**Exercise brief:** Pictures aside, repeat the whole listing word for word.

**Data below:**
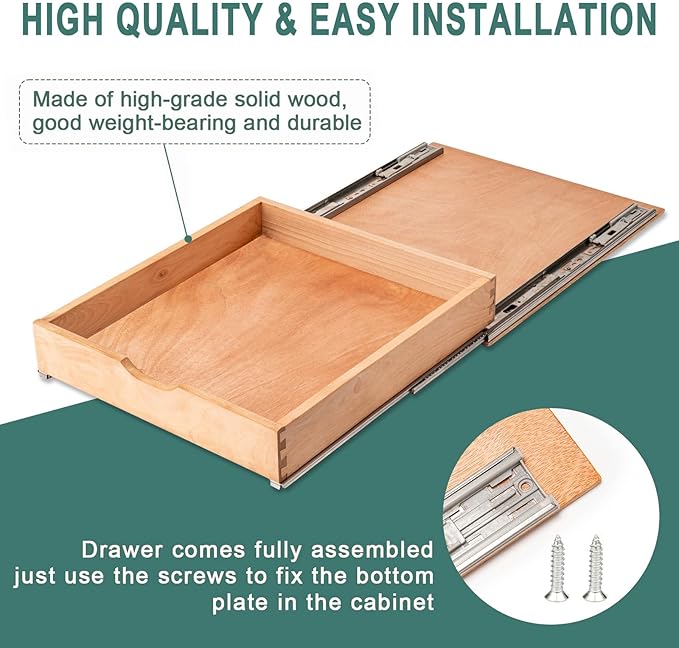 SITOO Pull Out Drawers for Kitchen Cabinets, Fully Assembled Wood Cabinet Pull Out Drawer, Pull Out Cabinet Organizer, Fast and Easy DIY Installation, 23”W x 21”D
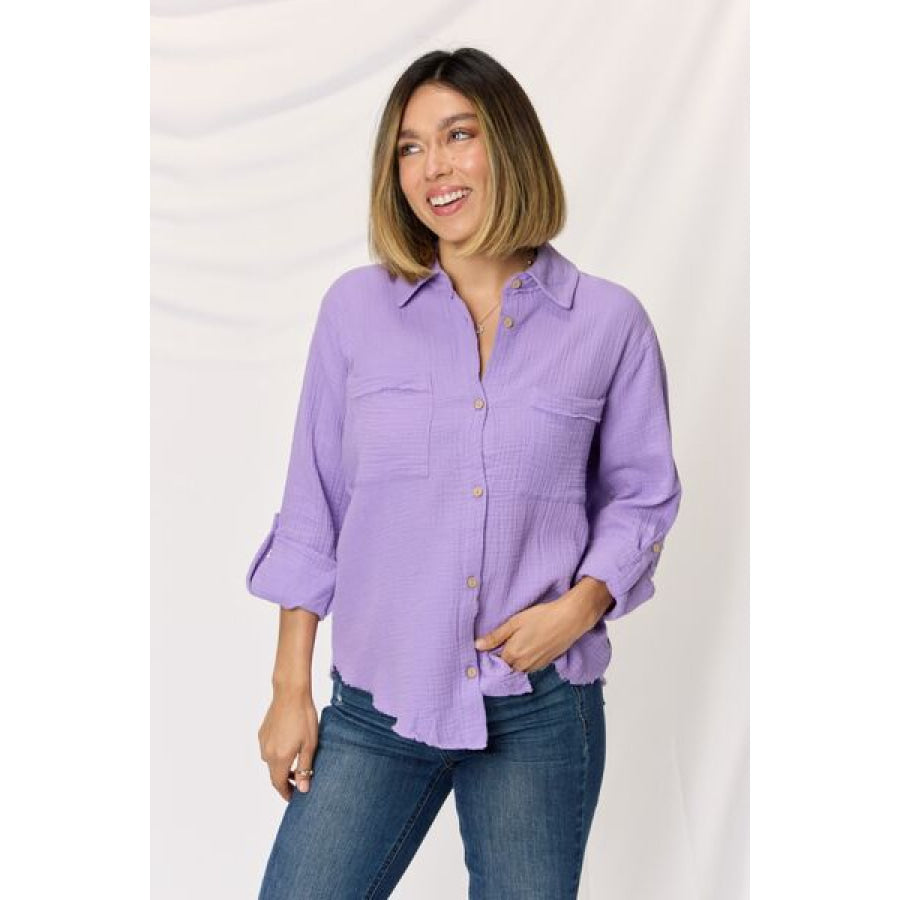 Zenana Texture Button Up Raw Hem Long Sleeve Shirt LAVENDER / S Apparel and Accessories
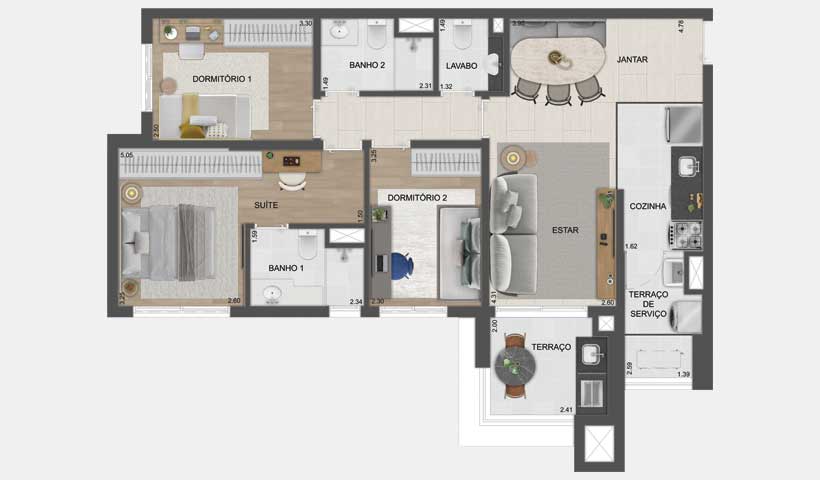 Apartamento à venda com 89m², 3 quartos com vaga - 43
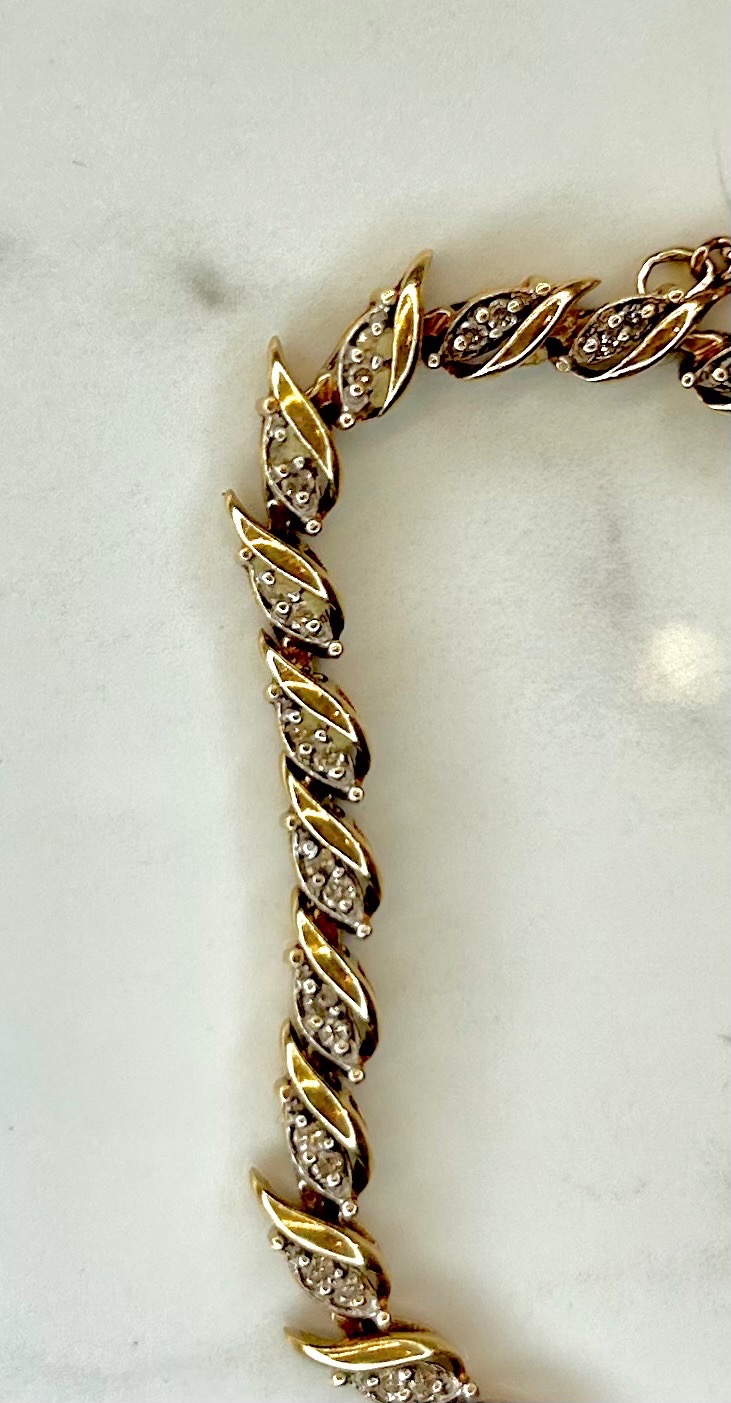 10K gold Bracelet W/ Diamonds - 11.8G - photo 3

**Response area:**
 SITOO Pull Out Drawers for Kitchen Cabinets, Fully Assembled Wood Cabinet Pull Out Drawer, Pull Out Cabinet Organizer, Fast and Easy DIY Installation, 23”W x 21”D
 Zenana Texture Button Up Raw Hem Long Sleeve Shirt LAVENDER / S Apparel and Accessories
 Apartamento à venda com 89m², 3 quartos com vaga - 43
 10K gold Bracelet W/ Diamonds - 11.8G - photo 3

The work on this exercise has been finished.